[RSVP at bay.area.ai] MODEL VERSIONING AND MONITORING: WHY, WHEN, AND HOW
Note: ML Model Versioning, Deployment, and Monitoring are core themes of the https://scale.bythebay.io 2019, 11/14-15, Oakland. Reserve your seat today using the code MEETS4TF15 for 15% off all passes, including the complete Serverless workshop!
Joint meetup -- please RSVP at http://bay.area.ai!
(1) MODEL VERSIONING: WHY, WHEN, AND HOW
Models are the new code. While machine learning models are increasingly being used to make critical product and business decisions, the process of developing and deploying ML models remain ad-hoc. In the “wild-west” of data science and ML tools, versioning, management, and deployment of models are massive hurdles in making ML efforts successful. As creators of ModelDB, an open-source model management solution developed at MIT CSAIL, we have helped manage and deploy a host of models ranging from cutting-edge deep learning models to traditional ML models in finance. In each of these applications, we have found that the key to enabling production ML is an often-overlooked but critical step: model versioning. Without a means to uniquely identify, reproduce, or rollback a model, production ML pipelines remain brittle and unreliable. In this talk, we draw upon our experience with ModelDB and Verta to present best practices and tools for model versioning and how having a robust versioning solution (akin to Git for code) can streamlining DS/ML, enable rapid deployment, and ensure high quality of deployed ML models.
Speakers: Manasi Vartak, CEO, Verta.ai, Conrado Miranda, CTO, Verta.ai
Manasi Vartak is the founder and CEO of Verta.ai (www.verta.ai), an MIT-spinoff building software to enable high-velocity machine learning. Manasi previously worked on deep learning for content recommendation as part of the feed-ranking team at Twitter and dynamic ad-targeting at Google.

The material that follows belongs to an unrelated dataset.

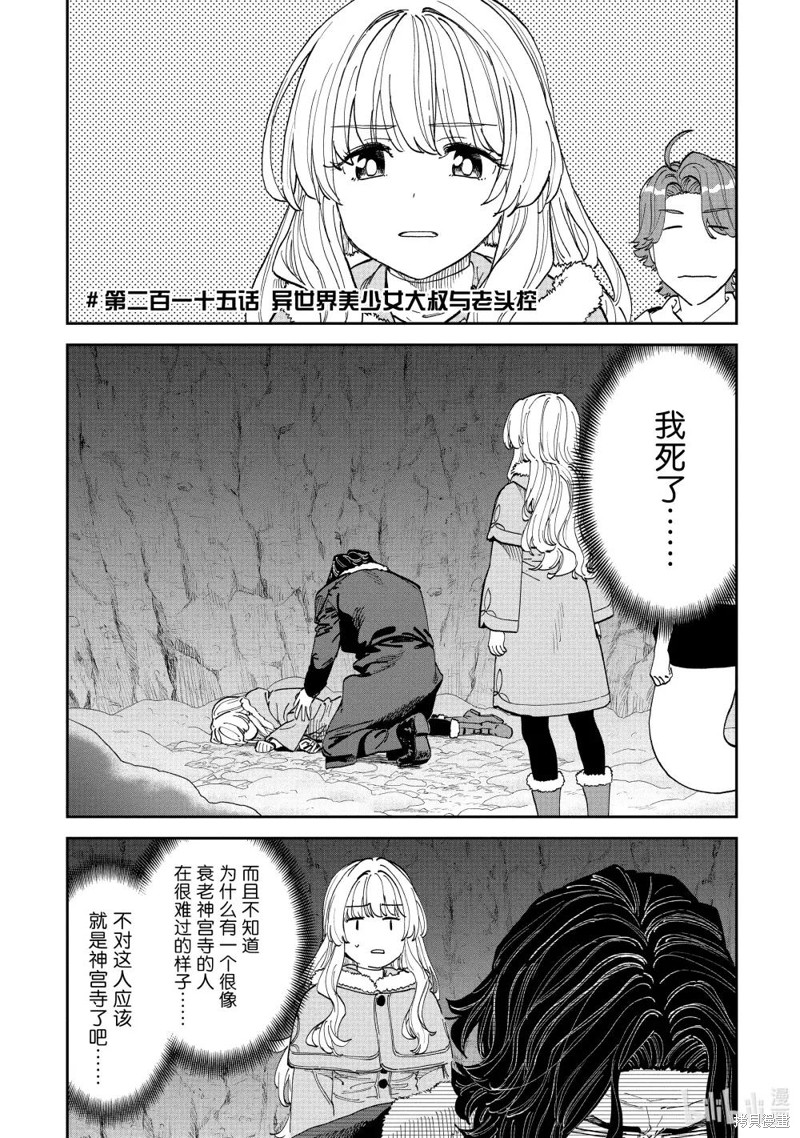 《与变成了异世界美少女的大叔一起冒险》第215话第1页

Conrado Miranda is the CTO at Verta.AI. Conrado has a PhD in Machine Learning and a focus on building platforms for AI. He was the tech lead for the Deep Learning platform at Twitter’s Cortex, where he designed and led the implementation of TensorFlow for model development and PySpark for data analysis and engineering. He also led efforts on NVIDIA’s self-driving car initiative, including the Machine Learning platform, large scale inference for the Drive stack, and build and CI for Deep Learning models.
(2) Model Monitoring in Production
Machine Learning models continuously discover new data patterns in production they have never seen during training and testing iterations.

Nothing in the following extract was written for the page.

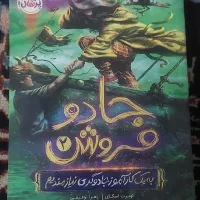کتاب جادو فروش۲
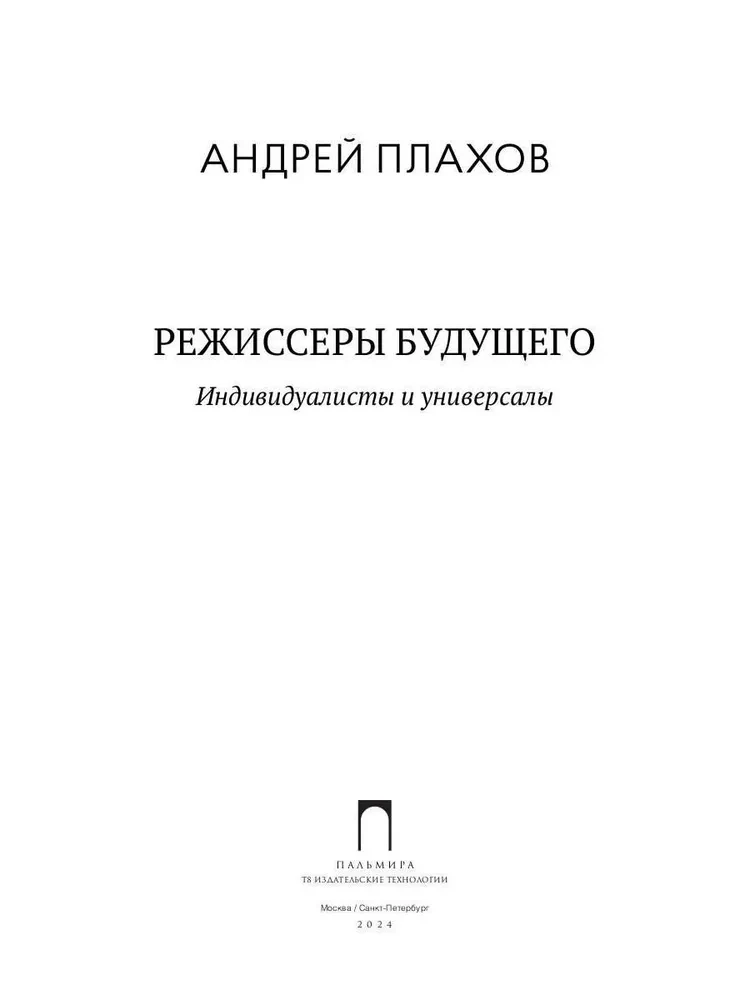 Режиссеры будущего: Индивидуалисты и универсалы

The best offline experiment can lose in production. The most accurate model is not always tolerant to a minor data drift or adversarial input. Neither prodops, data science or engineering teams are skilled to detect, monitor and debug model degradation behaviour.
Real mission critical AI systems require advanced monitoring and model observability ecosystem which enables continuous and reliable delivery of machine learning models into production. Common production incidents include:
- Data anomalies
- Data drifts, new data, wrong features
- Vulnerability issues, adversarial attacks
- Concept drifts, new concepts, expected model degradation
- Domain drift
- Biased Training set
In this demo based talk we discuss algorithms for monitoring text and image use cases as well as for classical tabular datasets.

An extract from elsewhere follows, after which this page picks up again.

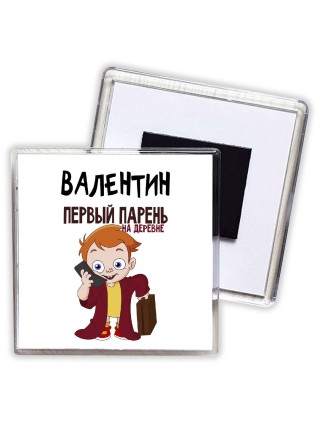 Валентин первый парень на деревне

Demo part will cover the full cycle of machine learning model in production:
Model training and deployment with Kubeflow pipelines
Production traffic simulation
Model monitoring metrics configuration
Data drift detection
Drift exploration and monitoring metadata mining
New training dataset generation from production feature store
Model retraining and redeployment
Stepan Pushkarev is a CTO of Hydrosphere.io - Model Management platform and co-founder of Provectus - an AI Solutions provider and consultancy, a parent company of Hydrosphere.io.